It seems I am often not patient enough to let poems percolate. Sometimes I just feel like I want to move on to something that is more relevant to my present time; after all I just keep writing more and more, and there is just so much paper!! I have been desperately trying to go through them all and put all the versions of the same poems into file folders. Another step in my never-ending efforts to consolidate and simplify.
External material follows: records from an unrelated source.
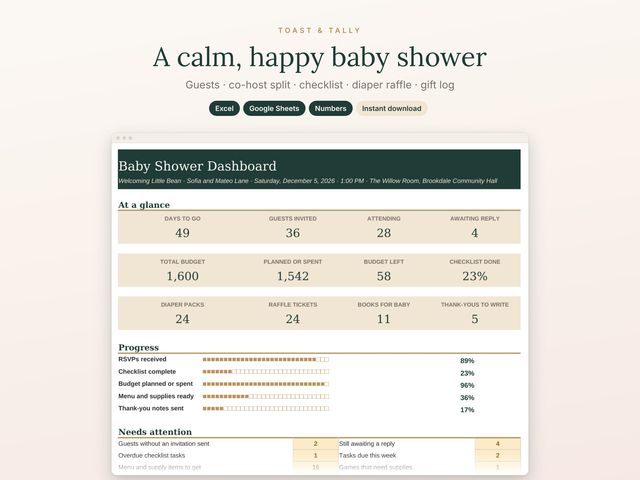 Baby Shower Planner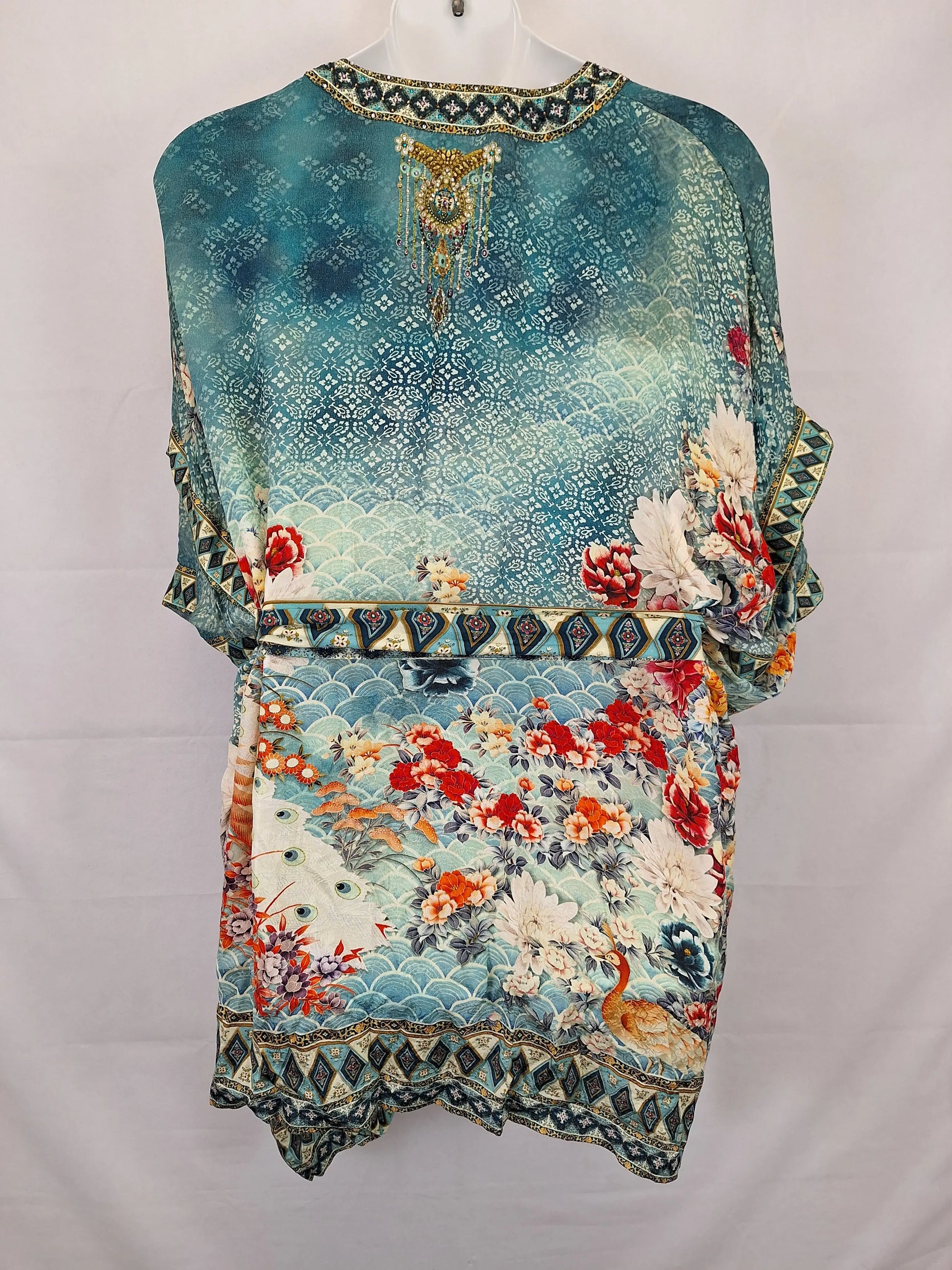 Camilla Double Layer Kimono Sleeve Mini Dress Size OSFA by SwapUp-Online Second Hand Store-Online Thrift Store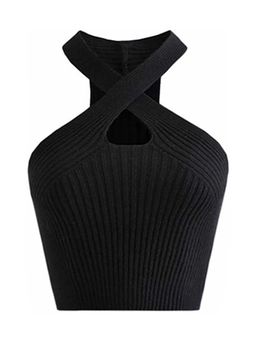 MISS MOSA BY AKANKSHA - Sansa Statement Summer Tank Top Black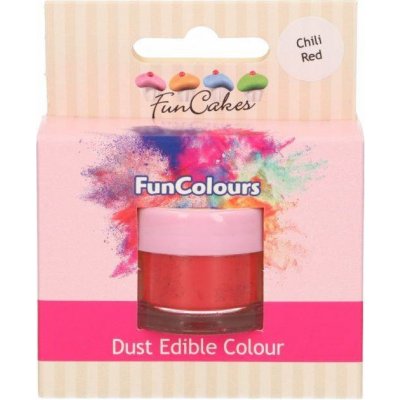 FunCakes Prachová barva červené chilli 4 g – Sleviste.cz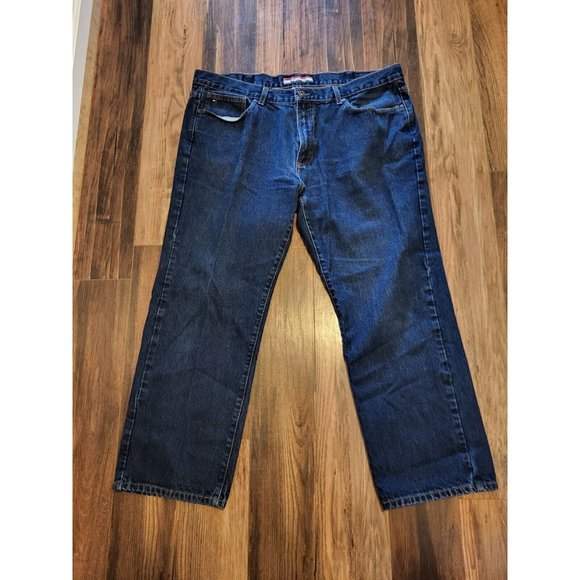 Tommy Hilfiger Other - Mens Tommy Hilfiger Relaxed Fit Jeans Size 40x30 Dark Blue Rinse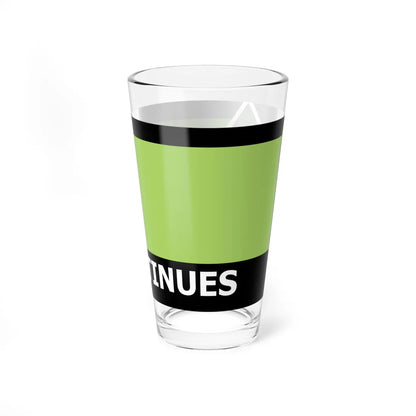 PRNS CSJ-TG6.1 (California) (Road Sign) Pint Glass 16oz - Go Mug Yourself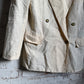 1980s Cream Double Breasted New man Blazer Jacket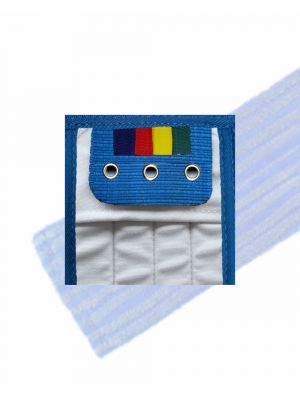 HYGYEN 2T MF mop blue pockets/wings 3 rings, for frame 40cm (5pcs)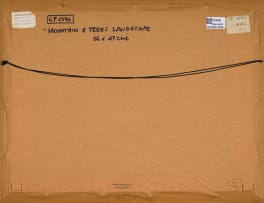 Robert Gwelo Goodman; Mountain and Tree Landscape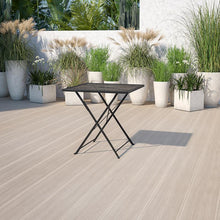 Load image into Gallery viewer, Commercial Grade 28" Square Black Indoor-Outdoor Steel Folding Patio Table
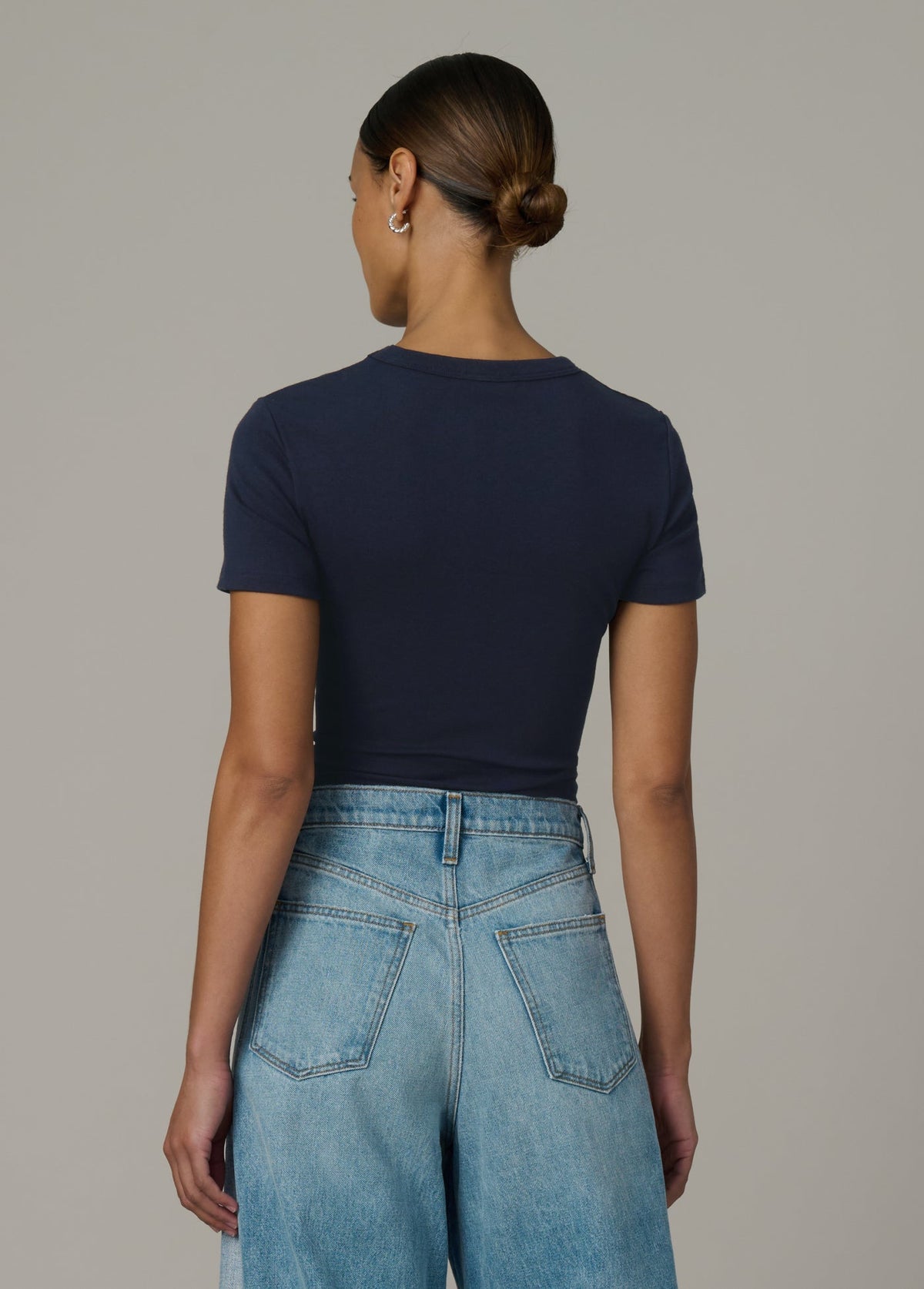 Joe's Jeans Women THE BABY TEE French Navy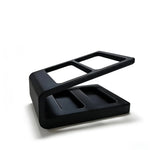 support télécommandes noir moderne rangement respectueux environnement sans fixation tracas organiser téléviseur climatiseur dvd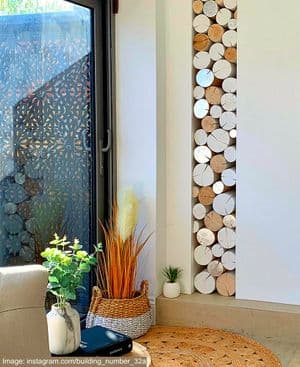 Decorative Luxury Logs - SILVER LEAF Accents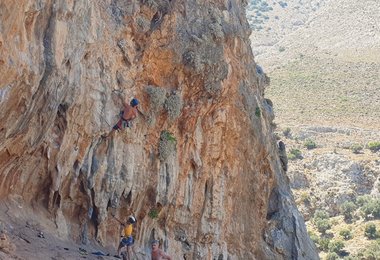 Bei älteren Routen ist Vorsicht geboten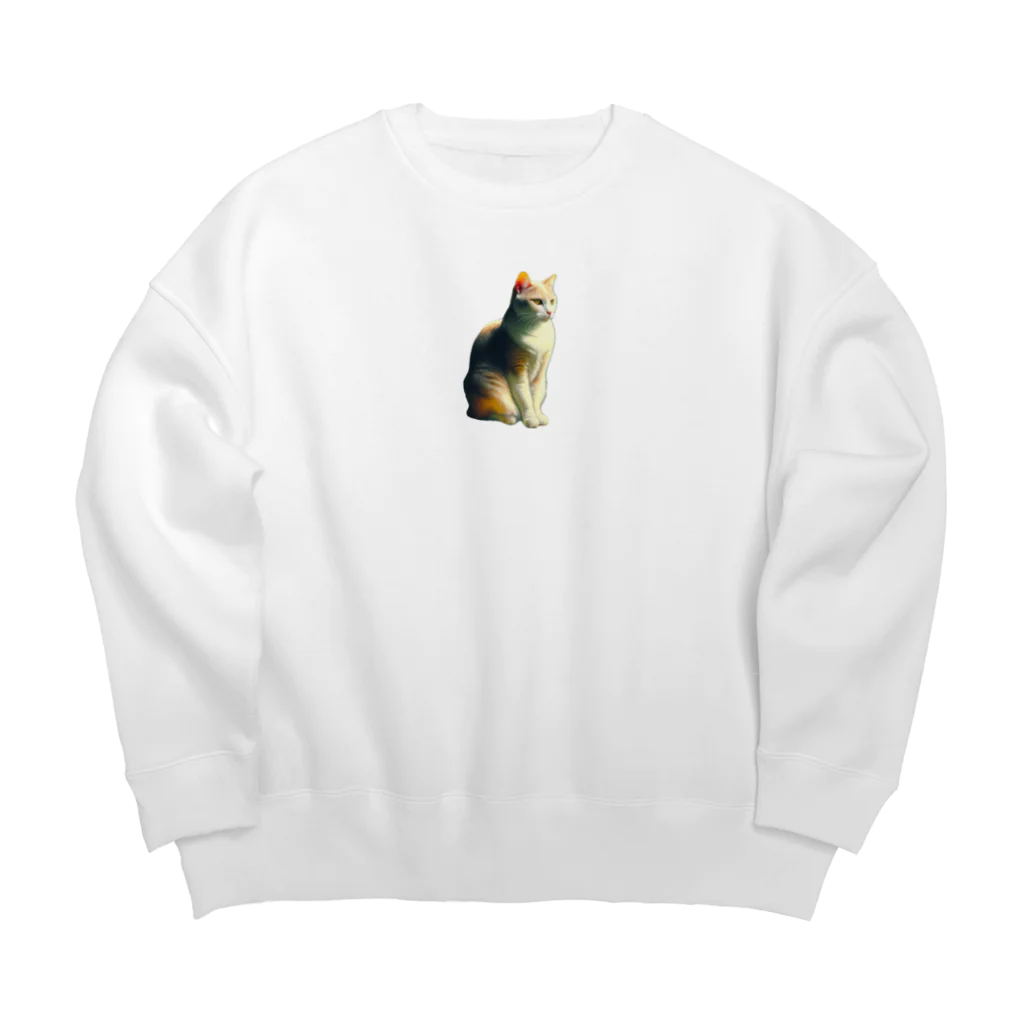 Motonokiの仮）ネコしゃん Big Crew Neck Sweatshirt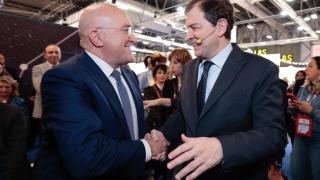 Carnero junto a Mañueco en Fitur.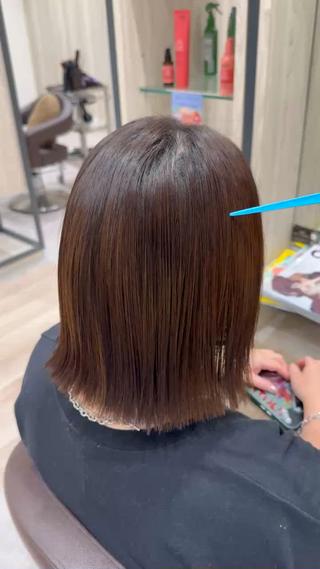 ミディアム 森脇 龍星のヘアスタイル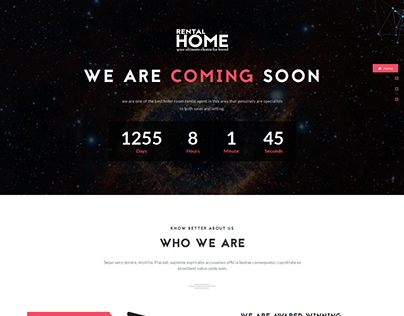 DreamHome-Premium Bootstrap Coming soon html template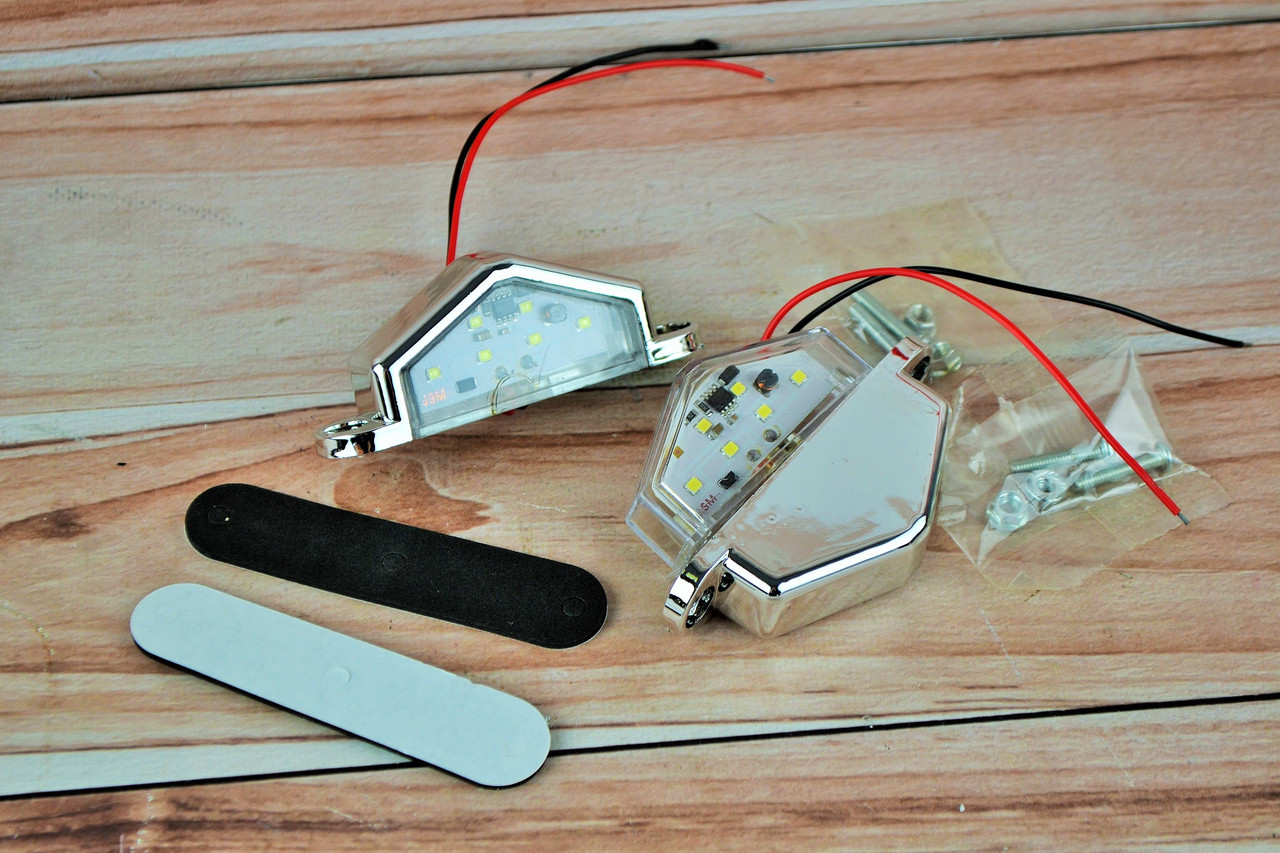 Габарит LED-підсвітка номера 6-діодна біла ( 1 шт.)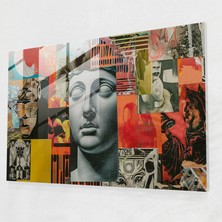 Painted Anarchy Pablo Picasso Cam Duvar Tablosu - Pablo Picasso, Cam Baskı, Duvar Dekorasyonu, Modern Sanat, 45X30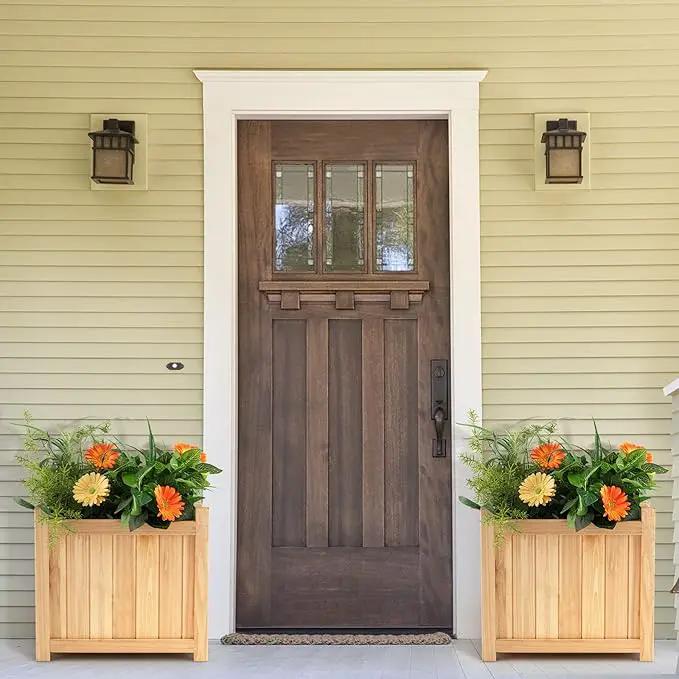 COSTWAY Planter Garden Bed, Folding Planter Box with Drainage Holes for Vegetables, Herbs, Fruits & Flowers, Outdoor Indoor Raised Planting Bed for Patio, Backyard, Lawn, 15" L x 15" W x 14" H by GreenHaven Gardens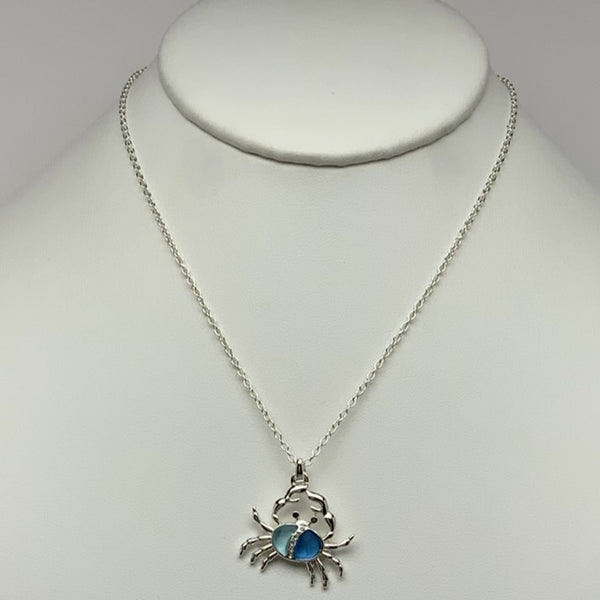 Silver Crab Necklace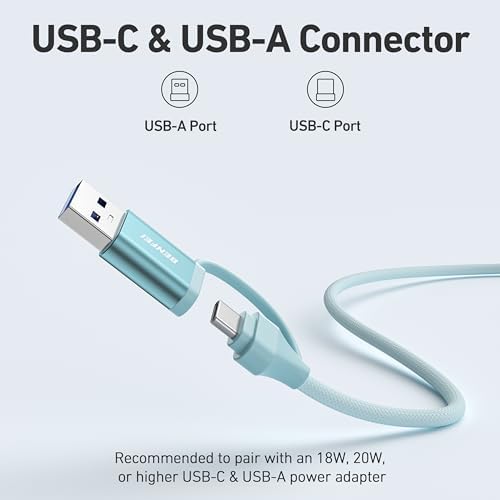 BENFEI Magnetic Wireless Charger Compatible with MagSafe for iPhone 17/16/15/14/13/12, Aluminum, up to 7.5W, 1.5m Cable - Image 4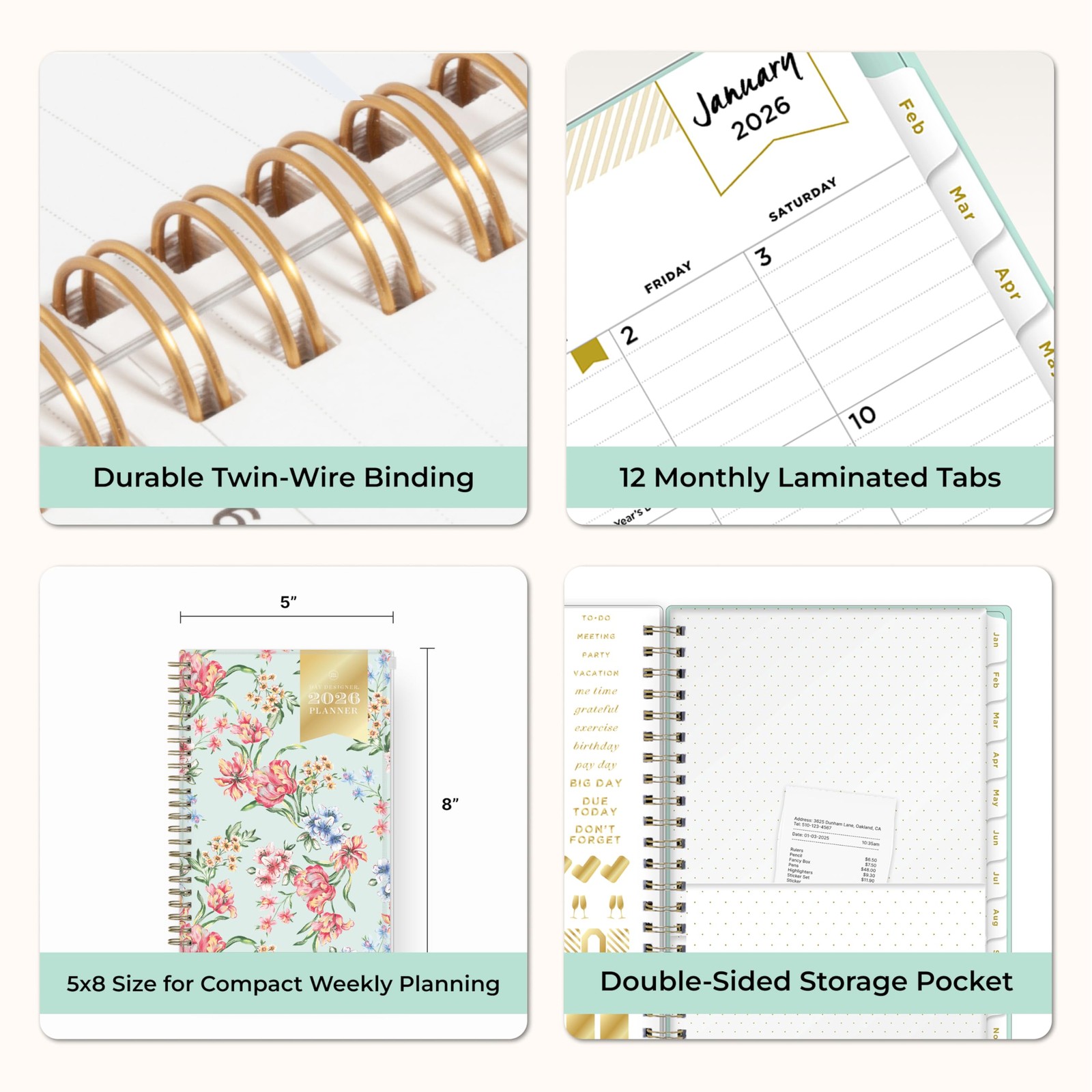 Day Designer 2026 Weekly and Monthly Planner Calendar, January 2026 – Decembe…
As part of this process, I have donated a lot of clothes, books, household items, even jewelry — but not these, never these — my screw in, screwed-up love earrings.

Spiral Earrings

Lots of Screwed up Love

I was your rebound girl,
the quick intermission in the drawn-out drama
of your epic love for her.
But I couldn’t see that then.

You were that guy
across the room,
my dark handsome romance hero.
I was drawn to you
like I was to rocks when I was a child:
I loved holding them
because they felt solid,
yet could contain crystals
or layers of color
if broken open.

You soon went back to her,
and instead I had to break
my all-encompassing love for you
into manageable pieces:
I buried the jealousy and resentment,
safeguarded the memories
and held onto our friendship
dear as a first stuffed toy.

Ten years later
I let go;
I married someone
who forced me to deny
my need for you,
grow up, leave you behind.

Thirty years later, minus the husband,
I wish I could glue it all back together,
embrace the whole.
I pull out the Christmas card
you gave me when we were still
an open possibility, a hollow geode.

You had signed the card, “Lots of screwed up love.”
Back then I had clung desperately to the word, “love”
not connecting it to the gift that came with it —
a pair of unusual earrings –
crazy spirals that wound
into my earlobes,
impossible to lose without
being ripped out;
just as the shards of your smile and laugh
twisted themselves into my heart,
and embedded there.
Now I know “love”
was not the important word:
“screwed up” was.



{October 9, 2017}   Holiday Quiet

It isn’t a holiday for me, I have to go to work, but others in my building sleep in. I don’t force myself to do my normal morning chores, not wanting to disturb my silent community. And so I enjoy the company of my cats and write.

I absorb the silence,
the peace of the cat’s purr.
My tea is simply warm,
no longer hot,
but my tongue lounges silent
in the gold sun of the honey
swirled with the soft clouds of milk.
Perfection
seems so close
I could reach out
and caress it with my hand,
but I know better.
Just as I sometimes
have to let my eyes alone
revel in the swirling softness
of color in my calico cat’s fur,
knowing if I touch her,
she will slip away
and find another place
to sleep.
Susan Merrifield Desrocher

Fur Painting



{September 21, 2017}   Obsession

First of all, thank you to those loyal readers who have visited in the last year even though I have posted very little: Ana Linden, G.P. Cox, Janna Hill, Tyler4Turtles, and Hands on Bowie (among others). I have been obsessed with all my photo groups on Facebook and virtually ignoring my blogging community. I will try to do better from now on! One day a week is better than once in a blue moon.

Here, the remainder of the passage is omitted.